MR imaging of septic sacroiliitis.

作者信息

Klein M A, Winalski C S, Wax M R, Piwnica-Worms D R

机构信息

Department of Radiology, Brigham and Women's Hospital/Harvard Medical School, Boston, MA.

出版信息

J Comput Assist Tomogr. 1991 Jan-Feb;15(1):126-32. doi: 10.1097/00004728-199101000-00020.

Abstract

Septic sacroiliitis is difficult to diagnose, causing delayed treatment and increased morbidity. The traditional imaging techniques for diagnosis have been CT and nuclear medicine. Our purpose was to determine the ability of MR imaging to detect septic sacroiliitis, to evaluate the features of septic sacroiliitis with MR, and to compare the relative detection rate of MR, CT, and nuclear medicine. All patients with a discharge diagnosis of septic sacroiliitis who were evaluated by MR imaging of the pelvis were retrospectively evaluated. Five patients were collected with six septic sacroiliac joints, which were also evaluated with CT, 99mTc-methylene diphosphonate bone scans, and 67Ga-citrate scans. Abnormalities consistent with sacroiliitis were seen in all sacroiliac joints both prospectively (impression from the initial report) and retrospectively on MR. In addition to the nonspecific MR findings of inflammation and/or fluid in the sacroiliac joint space, bone marrow of the sacrum and/or ilium, and iliopsoas muscle, fluid/inflammation was uniquely identified tracking posterior to the iliopsoas muscle in each of these patients with septic sacroiliitis. Even in retrospect, a definite diagnosis of sacroiliitis could be made in only five of six joints by 67Ga-citrate scans, three of six joints by CT scans, and one of six joints by 99mTc-methylene diphosphonate bone scans.
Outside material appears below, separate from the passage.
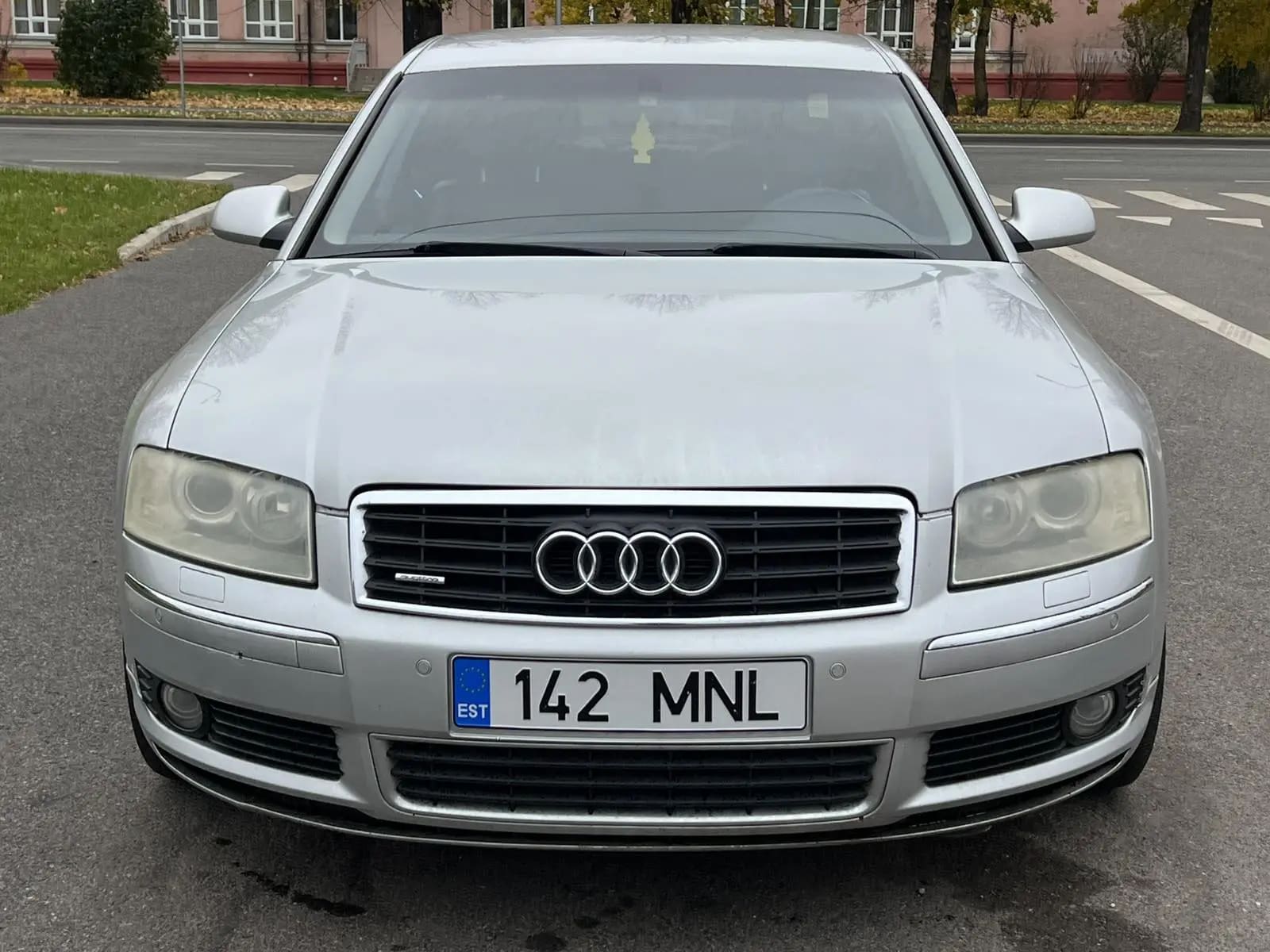 Audi A8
These results suggest MR imaging may be a sensitive modality in the early diagnosis of septic sacroiliitis.

摘要

化脓性骶髂关节炎难以诊断,会导致治疗延迟和发病率增加。传统的诊断成像技术是CT和核医学检查。我们的目的是确定磁共振成像(MR)检测化脓性骶髂关节炎的能力,用MR评估化脓性骶髂关节炎的特征,并比较MR、CT和核医学检查的相对检出率。对所有经骨盆MR成像评估且出院诊断为化脓性骶髂关节炎的患者进行回顾性评估。收集了5例患者的6个化脓性骶髂关节,并对其进行了CT、99m锝-亚甲基二膦酸盐骨扫描和67镓-柠檬酸盐扫描。前瞻性(初始报告的印象)和回顾性MR检查均发现所有骶髂关节存在与骶髂关节炎一致的异常。除了骶髂关节间隙、骶骨和/或髂骨骨髓以及髂腰肌的炎症和/或积液等非特异性MR表现外,在这些化脓性骶髂关节炎患者中,均独特地发现积液/炎症沿髂腰肌后方蔓延。即使是回顾性分析,67镓-柠檬酸盐扫描在6个关节中仅能明确诊断5个,CT扫描能明确诊断3个,99m锝-亚甲基二膦酸盐骨扫描仅能明确诊断1个。这些结果表明,MR成像可能是早期诊断化脓性骶髂关节炎的一种敏感方法。